Connecting agriculture and education: Meredith Glasscock shares her passion with Hartselle students 

Photos by Jodi Hyde 

If there’s one thing students in Meredith Glasscock’s agriculture education class will learn from her, it’s how to cultivate their passion for agriculture and share it with others.  

“It is so important for our students to know about agriculture and how it impacts our daily lives and the community we live in,” Glasscock said. “It impacts all of us every single day, from the food we eat to the clothes we wear.”  

She teaches students at Hartselle High School as a part of the career pathways program. Four classes are offered as electives, including fundamental, intermediate, applied and advanced agriscience.  

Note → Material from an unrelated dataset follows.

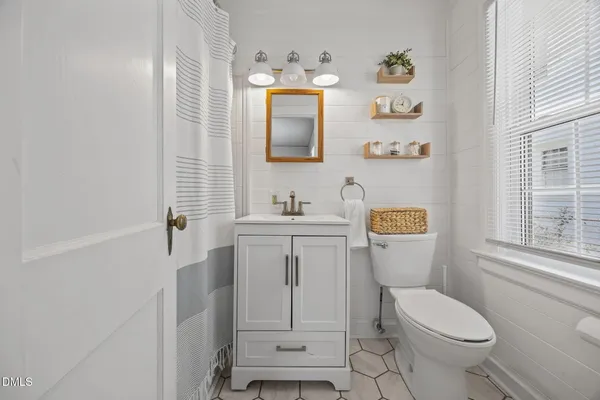 a bathroom with a sink toilet vanity and mirror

Glasscock’s agriculture education classes encompass everything from animal science, horticulture, aquaculture, forestry, woodworking, plumbing and small-engine repair. She is also the sponsor of the Future Farmers of America, a club every student in her class is automatically a part of when they enroll in agriculture education.  

“The FFA is a good way for our students to get involved in the community, show their passion and interest in the ag field and just share the word that agriculture is important,” she said.  

“Ag ed is a diverse bubble,” the Mississippi State alum added. “There’s so much more to agriculture education than farming and shop class.”  

Having always been exposed to the field in some way, Glasscock pursued degrees in animal and dairy science, agriculture extension and education, knowing she eventually wanted to put her passion to use in the classroom.  

Glasscock said when she first began studying agriculture education, it was rare to find a woman in the field, but females are becoming more and more involved in the aspects of the science. She saw an increase this year from five to 12 female students who enrolled in her class.  

“As long as you have the background and the passion, you can thrive in this field,” she said. 

Along with her passion for the subject she teaches her students every day, Glasscock said she learned from her father to expect only the best and have high expectations.  

“My father was a general in the Army and he raised my brother and me to fix something if it was broken and to solve our own problems,” she said. “He held us to the same standard, and I think that has gone on the benefit me in adulthood and as an educator.” 

One of my students said to me, ‘You really have high expectations of us,’ and I said ‘Yes, I do, because I know how great and awesome y’all can be, especially in the agriculture field,’” Glasscock added.  

This year, Glasscock’s students will raise chickens, grow and sell their own plants in a greenhouse, harvest fur from an Angora rabbit they will keep as a class pet and even monitor the animal’s nutritional intake as a part of their class assignments.  

Glasscock said agriculture education has changed a great deal since her time in college, and she enjoys continuing to learn more about her passion along with her students every day.  

“Agriculture education is constantly evolving, and it’s one big learning process,” she said. “So, if my students want to learn, I want them to learn by doing instead of by me just teaching them out of a book.”  

When not in the classroom, she can be found learning more about her passion at home. Glasscock and her husband Bud, who she met at Mississippi State, own a cow-calf operation just outside of Hartselle called Glasscock Farms.